[Records from a data collection]
● ● ●

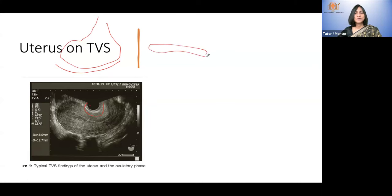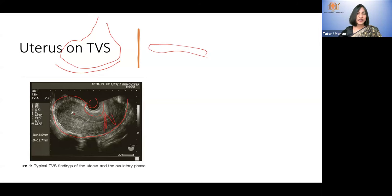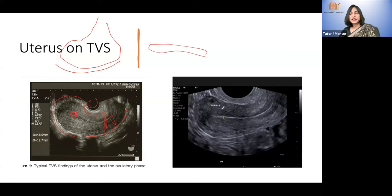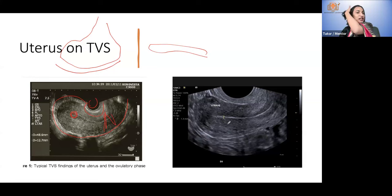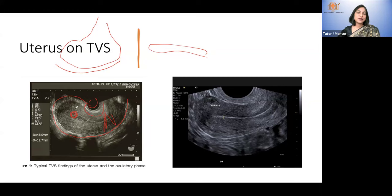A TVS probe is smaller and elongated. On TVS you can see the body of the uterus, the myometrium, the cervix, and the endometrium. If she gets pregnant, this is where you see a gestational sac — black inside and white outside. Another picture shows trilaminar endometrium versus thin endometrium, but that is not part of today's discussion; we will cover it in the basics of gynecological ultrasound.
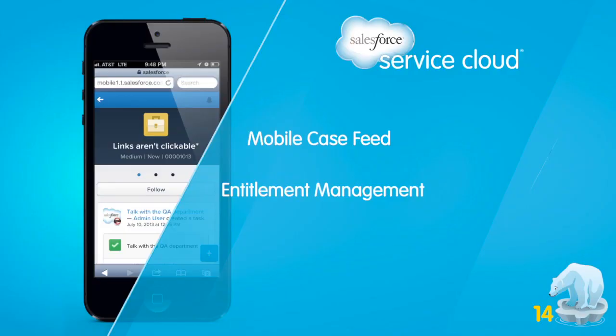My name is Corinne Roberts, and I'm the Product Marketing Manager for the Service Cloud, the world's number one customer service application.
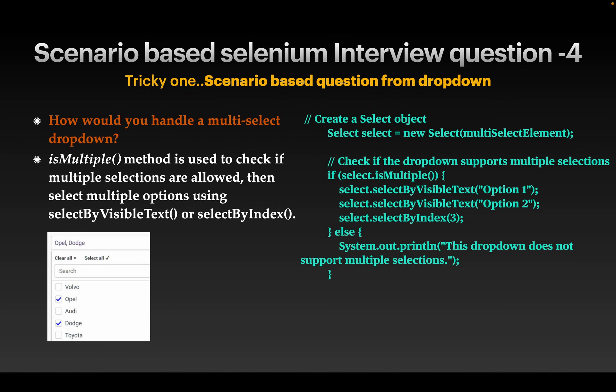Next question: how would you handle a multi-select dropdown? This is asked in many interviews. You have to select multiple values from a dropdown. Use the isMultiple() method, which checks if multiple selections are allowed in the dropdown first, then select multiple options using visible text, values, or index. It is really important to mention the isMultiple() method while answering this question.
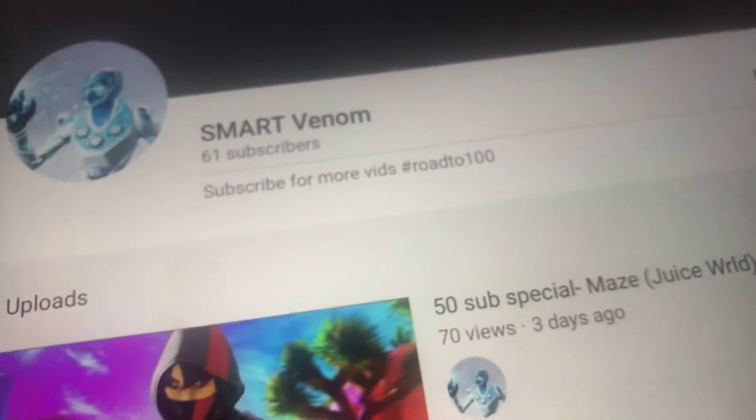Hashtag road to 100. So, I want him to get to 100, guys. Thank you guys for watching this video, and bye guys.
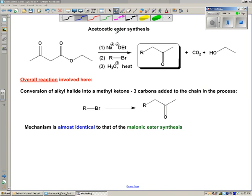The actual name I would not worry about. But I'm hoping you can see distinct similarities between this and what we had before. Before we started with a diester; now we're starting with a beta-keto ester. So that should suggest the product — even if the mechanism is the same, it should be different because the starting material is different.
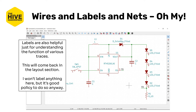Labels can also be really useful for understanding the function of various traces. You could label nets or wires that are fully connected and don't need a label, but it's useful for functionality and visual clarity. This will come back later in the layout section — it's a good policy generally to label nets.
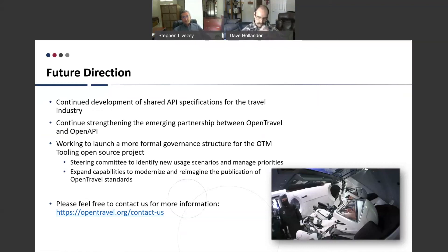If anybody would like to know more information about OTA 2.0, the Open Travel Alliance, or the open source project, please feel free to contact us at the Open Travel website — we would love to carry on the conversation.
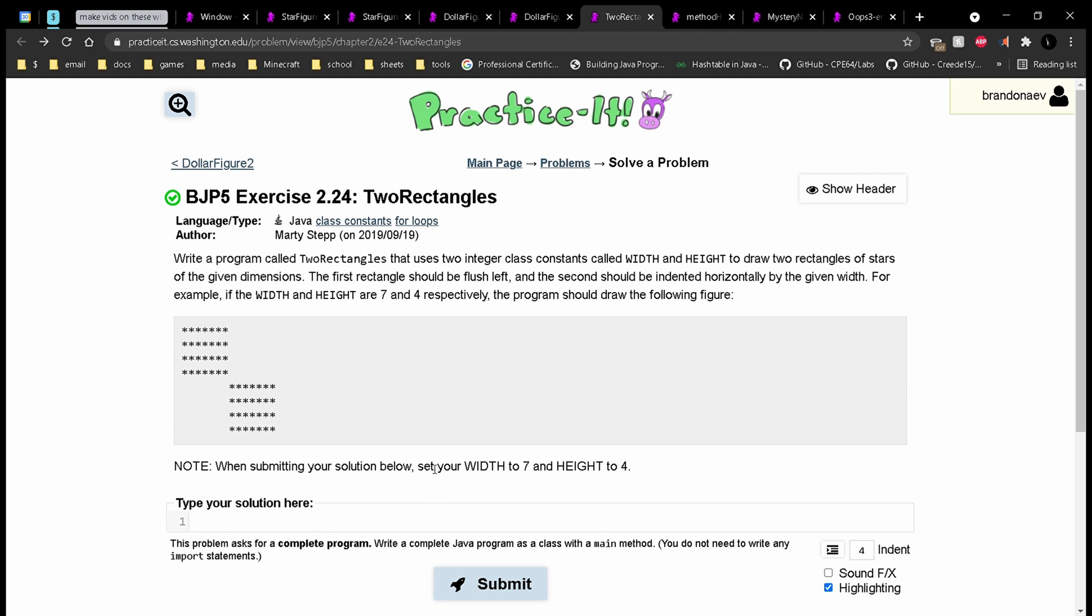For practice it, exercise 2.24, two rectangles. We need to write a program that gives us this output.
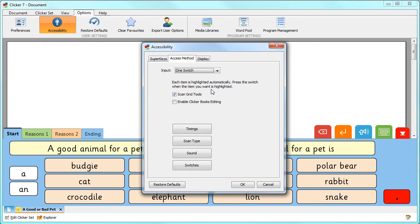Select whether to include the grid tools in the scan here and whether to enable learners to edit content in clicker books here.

● ● ●

→ Work request
Give the data again exactly as written, with all pictures left out.

→ Answer area
A TVS probe is smaller and elongated. On TVS you can see the body of the uterus, the myometrium, the cervix, and the endometrium. If she gets pregnant, this is where you see a gestational sac — black inside and white outside. Another picture shows trilaminar endometrium versus thin endometrium, but that is not part of today's discussion; we will cover it in the basics of gynecological ultrasound.
My name is Corinne Roberts, and I'm the Product Marketing Manager for the Service Cloud, the world's number one customer service application.
Next question: how would you handle a multi-select dropdown? This is asked in many interviews. You have to select multiple values from a dropdown. Use the isMultiple() method, which checks if multiple selections are allowed in the dropdown first, then select multiple options using visible text, values, or index. It is really important to mention the isMultiple() method while answering this question.
Hashtag road to 100. So, I want him to get to 100, guys. Thank you guys for watching this video, and bye guys.
The actual name I would not worry about. But I'm hoping you can see distinct similarities between this and what we had before. Before we started with a diester; now we're starting with a beta-keto ester. So that should suggest the product — even if the mechanism is the same, it should be different because the starting material is different.
Labels can also be really useful for understanding the function of various traces. You could label nets or wires that are fully connected and don't need a label, but it's useful for functionality and visual clarity. This will come back later in the layout section — it's a good policy generally to label nets.
If anybody would like to know more information about OTA 2.0, the Open Travel Alliance, or the open source project, please feel free to contact us at the Open Travel website — we would love to carry on the conversation.
For practice it, exercise 2.24, two rectangles. We need to write a program that gives us this output.
Select whether to include the grid tools in the scan here and whether to enable learners to edit content in clicker books here.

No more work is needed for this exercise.